_Task goal:_
Return all the lines below exactly. Any picture among them is omitted.

_Dataset section:_
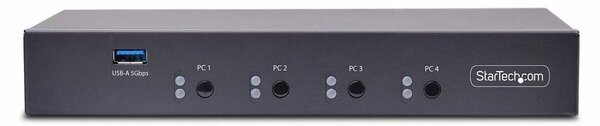 StarTech.com P4A20132-KM-SWITCH KVM kapcsoló Fekete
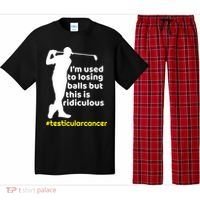 Funny Testicular Cancer Survivor Golf Player Orchidectomy Gift Pajama Set thumb 0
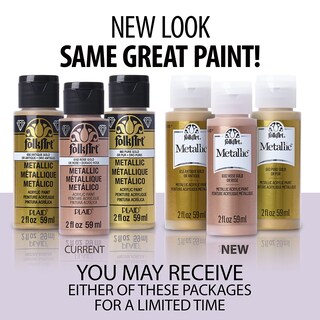 Foto 2 | Pintura Folkart Multisurface Metallic Black Gold 60 Ml - Venta Internacional.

_Answer for the task:_
 StarTech.com P4A20132-KM-SWITCH KVM kapcsoló Fekete
 Funny Testicular Cancer Survivor Golf Player Orchidectomy Gift Pajama Set thumb 0
 Foto 2 | Pintura Folkart Multisurface Metallic Black Gold 60 Ml - Venta Internacional.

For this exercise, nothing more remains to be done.